The Hague - AFP
The Dutch agriculture cooperative Rabobank announced Wednesday it would cut more than a third of its local workforce, slashing 9,000 jobs over the next three years as it streamlines operations.
"The job losses will be mainly in the back office and support functions and will come on top of the reduction of 3,000 jobs already planned," said the bank, which has almost 24,000 employees in the Netherlands.
Rabobank, which emerged from small cooperative banks in the late 19th century serving farmers and horticulturists, made the announcement as it unveiled "its strategic direction" for 2016-2018.
Worldwide the bank employs just over 48,000 people and is active in 40 countries.
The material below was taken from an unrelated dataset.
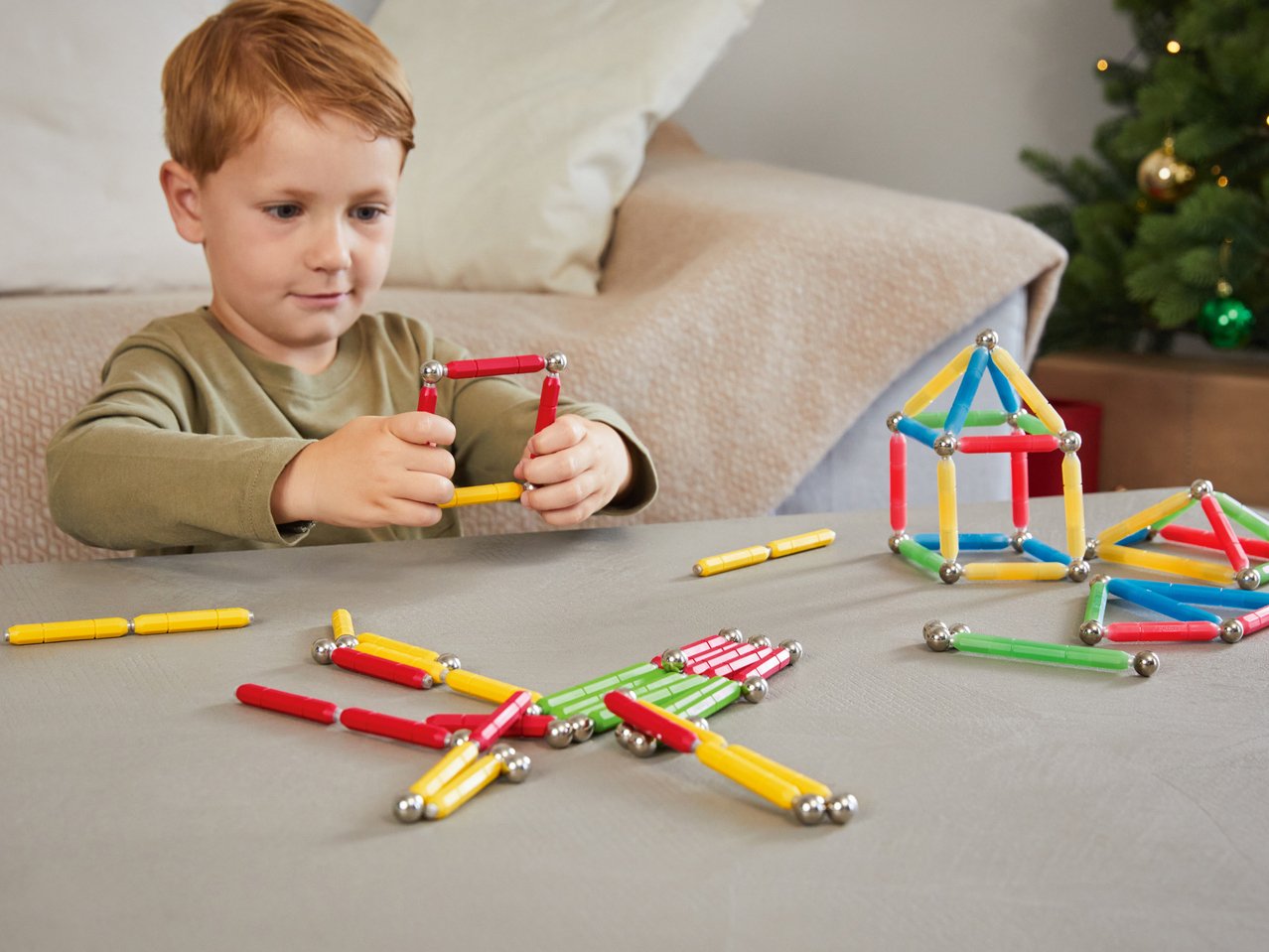 Costruzioni magnetiche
But a spokeswoman for the bank confirmed to AFP the job losses would be within the Netherlands.
The bank wanted to ensure it can make a "substantial contribution to welfare and prosperity in the Netherlands" as well as to "feeding the world sustainably" by responding to changing consumer behaviour and new technological developments, it said in a statement.
The job losses would be phased in over three years, and would be achieved partly through natural wastage.
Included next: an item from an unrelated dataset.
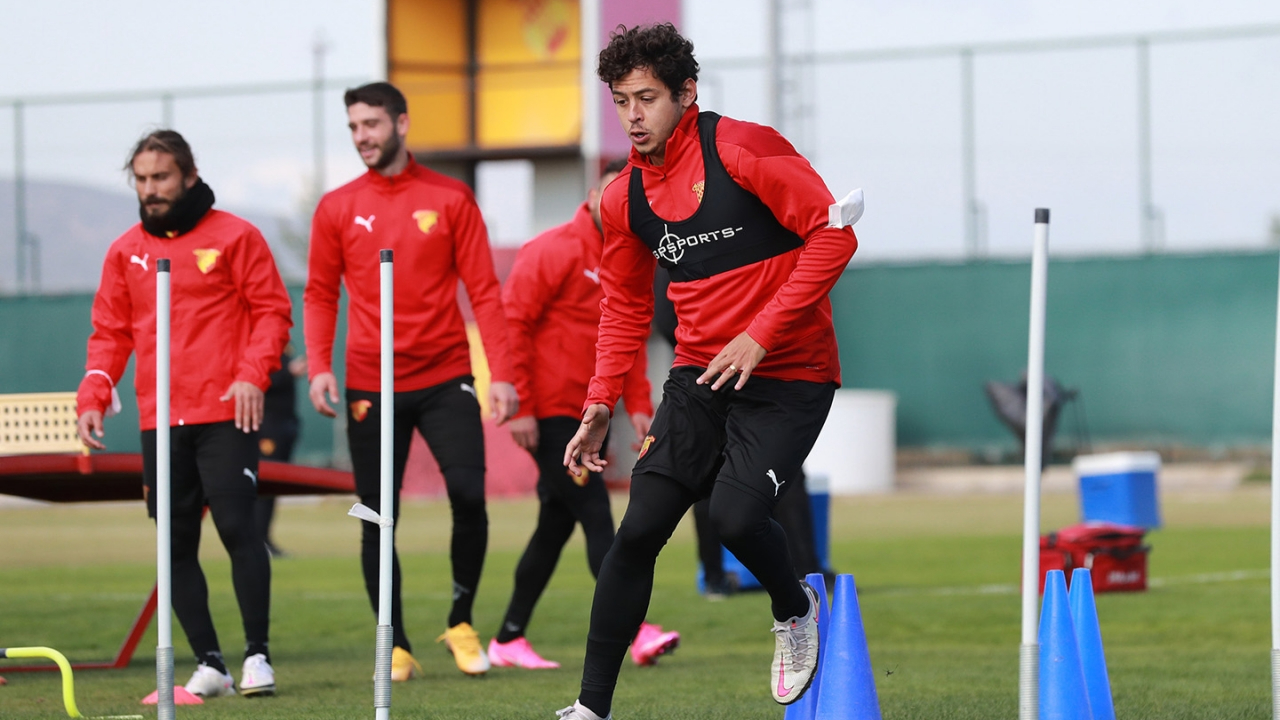 Göztepe'de Ankaragücü maçı öncesi koronavirüs sıkıntısı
Rabobank would "make every possible effort to avoid compulsory redundancies," the statement said.
From January 1, the bank will now operate as one cooperative merging the 106 local Rabobanks -- a change which the member councils had already agreed to.
Union leader Reinier Castelein said "the job losses are not a surprise, but how many there will be, that is."
"It's thrown Rabobank employees into a period of uncertainty just before the holiday season," he told the public television NOS.
It is the third reorganisation to be carried out by the bank since 2011, which have already led to thousands of job losses.
"We need to make fundamental changes if we are to excel in customer focus," said the chairman of the board, Wiebe Draijer, adding changes had to come in "our businesses in the Netherlands and around the world."
He stressed customers increasingly want to conduct their banking via the Internet and Rabobank had to "seize the opportunities that innovation offers."
The bank did not receive any state help during the 2008 financial crisis, and had been seen globally as a good model.
But its image was tarnished by revelations that from May 2005 to January 2011 it allowed money market traders to manipulate Libor (London InterBank Offered Rate) submissions to benefit foreign currency trading positions.
In 2013 it was fined a total of 774 million euros (some $867 million then) by financial regulators in three countries for its role in the scandal, and paid the money to avoid prosecution.